To date the results have been mixed.

The preventive program on lowering tobacco consumption has been world-class. It has been relentless in targeting various facets of tobacco marketing, from pricing to advertising and packaging.

Consumers have been constantly confronted by compelling images of tobacco-induced illness and pathology, whether in orchestrated TV campaigns or on the package itself.

The opening salvo has now been fired in an alcohol prevention campaign, featuring “soft” warning messages on the labels of alcoholic products. Apart from re-running aspects of past campaigns, so gently chiding are the messages that they run the risk of being ruled irrelevant.

The three messages are “Kids and alcohol don’t mix”, “Is your drinking harming yourself or others?” and “It is safest not to drink while pregnant”.

It should come as no surprise that these truisms are the work of an alcohol industry-funded group — DrinkWise Australia. Industry self-regulation may be touted as the rational approach, but it is difficult to see how they address the intrinsic conflict of interest.

Also ironic is the fact that every high school student is assiduously bombarded with these very messages in all the relevant courses. They “know” this stuff.
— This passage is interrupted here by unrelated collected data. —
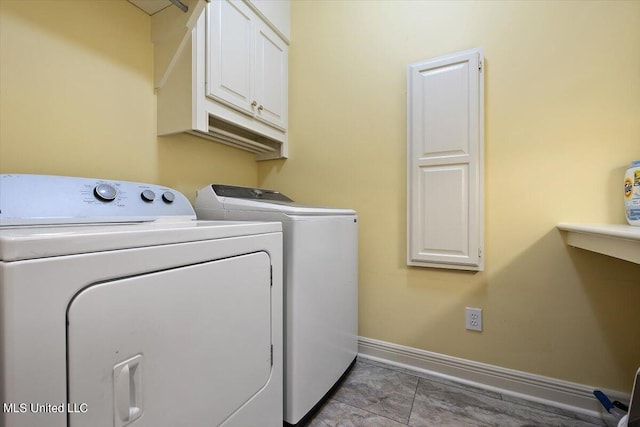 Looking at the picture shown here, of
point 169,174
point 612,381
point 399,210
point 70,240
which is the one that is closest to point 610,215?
point 612,381

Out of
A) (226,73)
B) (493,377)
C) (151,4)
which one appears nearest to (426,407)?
(493,377)

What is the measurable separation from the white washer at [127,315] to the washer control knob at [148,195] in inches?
3.7

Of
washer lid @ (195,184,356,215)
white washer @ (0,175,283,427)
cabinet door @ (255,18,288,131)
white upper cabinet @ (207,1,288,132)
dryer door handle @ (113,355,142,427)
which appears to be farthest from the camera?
cabinet door @ (255,18,288,131)

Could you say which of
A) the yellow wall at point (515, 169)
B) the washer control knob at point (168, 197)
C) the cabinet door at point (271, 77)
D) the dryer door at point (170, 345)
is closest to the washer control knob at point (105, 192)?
the washer control knob at point (168, 197)

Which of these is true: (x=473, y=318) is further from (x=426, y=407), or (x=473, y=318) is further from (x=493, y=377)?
(x=426, y=407)

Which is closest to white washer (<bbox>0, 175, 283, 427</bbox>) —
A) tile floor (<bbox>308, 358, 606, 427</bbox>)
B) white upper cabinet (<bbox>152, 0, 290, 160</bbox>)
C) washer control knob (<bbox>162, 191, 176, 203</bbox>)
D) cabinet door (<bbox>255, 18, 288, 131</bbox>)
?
washer control knob (<bbox>162, 191, 176, 203</bbox>)

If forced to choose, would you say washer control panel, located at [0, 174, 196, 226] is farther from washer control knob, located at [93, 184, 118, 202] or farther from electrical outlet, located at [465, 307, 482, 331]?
electrical outlet, located at [465, 307, 482, 331]

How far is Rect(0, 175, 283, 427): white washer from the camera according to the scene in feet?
1.35

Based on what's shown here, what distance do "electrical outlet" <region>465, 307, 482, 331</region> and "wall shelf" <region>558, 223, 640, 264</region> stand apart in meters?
0.54

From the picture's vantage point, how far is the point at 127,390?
534mm

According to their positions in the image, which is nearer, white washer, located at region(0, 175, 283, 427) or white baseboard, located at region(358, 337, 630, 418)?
white washer, located at region(0, 175, 283, 427)

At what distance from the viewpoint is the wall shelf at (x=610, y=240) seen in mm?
808

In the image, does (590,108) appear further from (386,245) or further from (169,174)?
(169,174)

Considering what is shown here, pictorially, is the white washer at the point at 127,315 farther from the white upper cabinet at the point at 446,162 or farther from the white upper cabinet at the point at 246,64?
the white upper cabinet at the point at 446,162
They would probably be able to recite the equivalent alcoholic content of various standard drinks and the physiological consequences of binge drinking. And yet we only have to read Professor Fulde’s accounts of Saturday nights in his emergency department to realise that classes in school are not the answer.

What a let down! So far, attempts to reduce alcohol consumption have been, at best, disappointing. There has been no attempt to attack the iconic marriage of alcohol and sport in the Australian psyche. We still witness the full-throated roar of our national sports’ stadiums adorned by the logos of breweries. Oblivious to the irony, our sporting gladiators also sport various alcoholic logos.

Last week the MJA included an article on the impact of the “alcopops” tax on alcohol sales. That paper prompted calls for more action from health experts, as reported in MJA InSight.

Isn’t it time for the Health Minister to take on the booze barons and demand a relevant and genuine campaign against alcohol abuse ?

Isn’t it time for a champion to emerge from the profession and take on this David-and-Goliath task?

It does not require great insight. A sizeable increase in product pricing is bound to have a noticeable effect, as seen in the tobacco campaign precedent.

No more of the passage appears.